- WHAT TO WORK ON
Please repeat the data below exactly, with the pictures removed.

- DATA
Start of Block

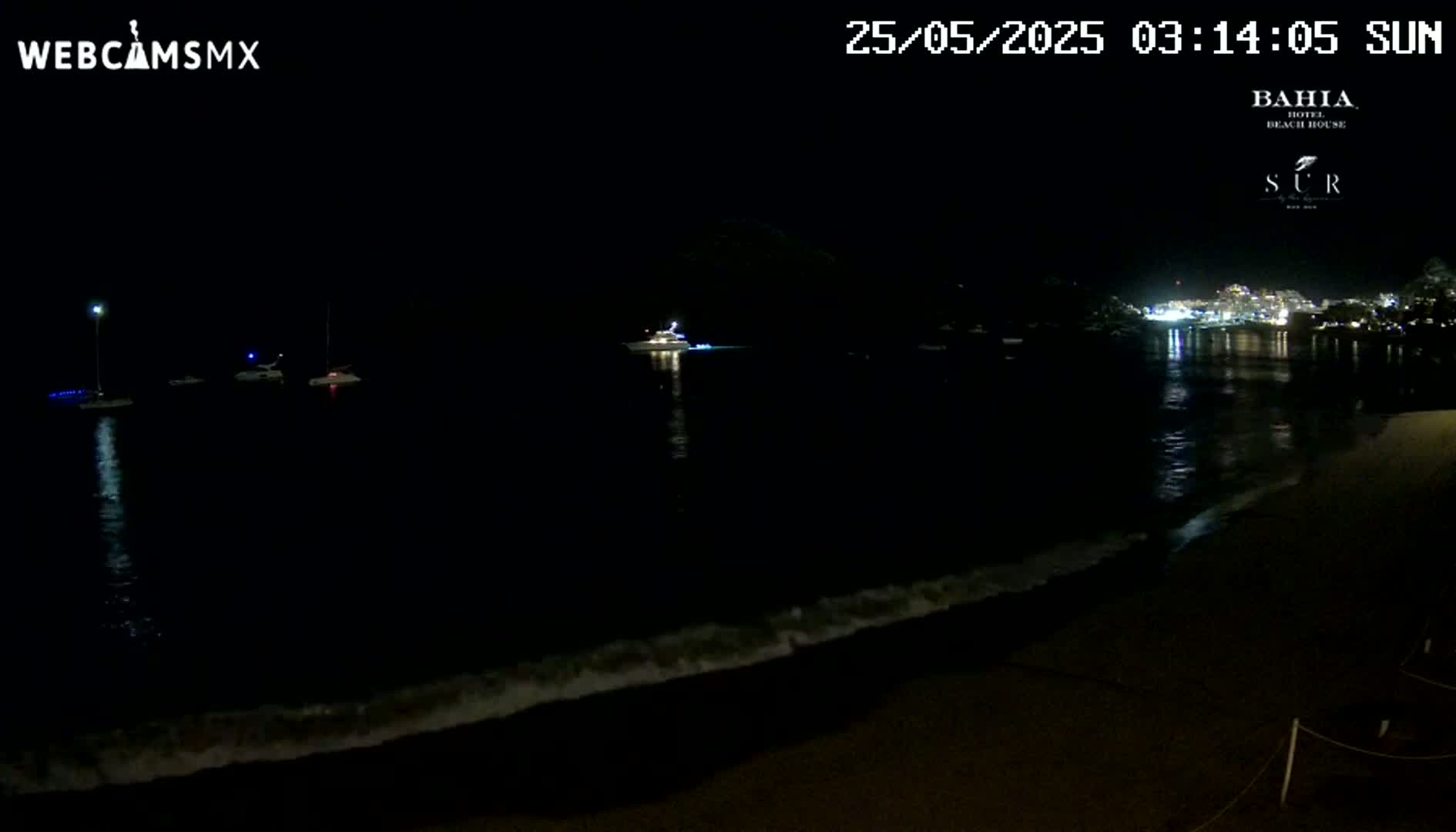 At night, a dark beach with gently lapping waves is shown, with several boats visible on the calm water and lights from buildings across the bay.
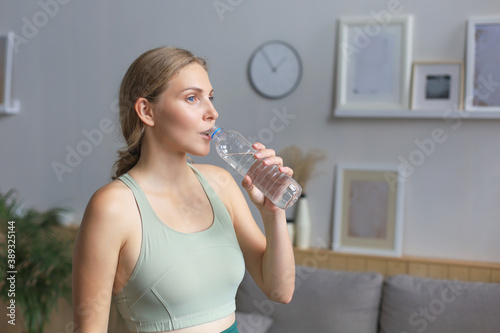 Young beautiful woman drinking water after exercising. Attractive female bodybuilder working out. Fitness and healthy lifestyle concept.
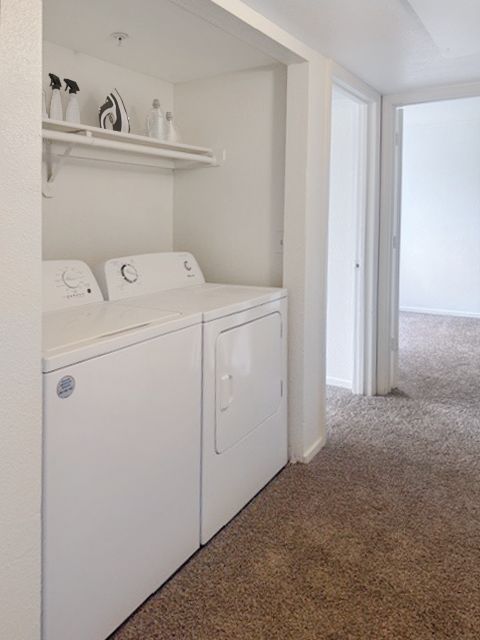 White washer and dryer in a carpeted laundry nook with an overhead shelf holding cleaning supplies.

End of Block

- SOLVED PROBLEM
 At night, a dark beach with gently lapping waves is shown, with several boats visible on the calm water and lights from buildings across the bay.
 Young beautiful woman drinking water after exercising. Attractive female bodybuilder working out. Fitness and healthy lifestyle concept.
 White washer and dryer in a carpeted laundry nook with an overhead shelf holding cleaning supplies.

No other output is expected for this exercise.